What is being asked: Could you retype the material, starting at its first line and ending with the line holding "Audi Q4 e-tron", and keep the pictures out?

Source data:
+ + + + +

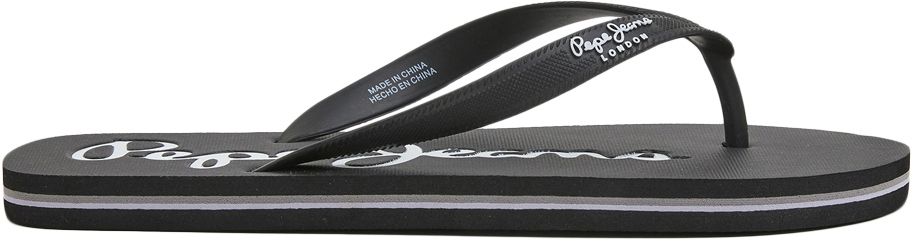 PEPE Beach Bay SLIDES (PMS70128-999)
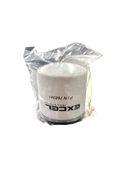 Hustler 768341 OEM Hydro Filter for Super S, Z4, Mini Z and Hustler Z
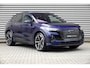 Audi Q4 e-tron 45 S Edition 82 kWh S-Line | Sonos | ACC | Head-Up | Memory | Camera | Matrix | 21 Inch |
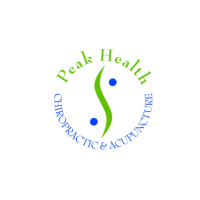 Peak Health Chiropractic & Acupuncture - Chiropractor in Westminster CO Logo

+ + + + +

Answer to this problem:
 PEPE Beach Bay SLIDES (PMS70128-999)
 Hustler 768341 OEM Hydro Filter for Super S, Z4, Mini Z and Hustler Z
 Audi Q4 e-tron 45 S Edition 82 kWh S-Line | Sonos | ACC | Head-Up | Memory | Camera | Matrix | 21 Inch |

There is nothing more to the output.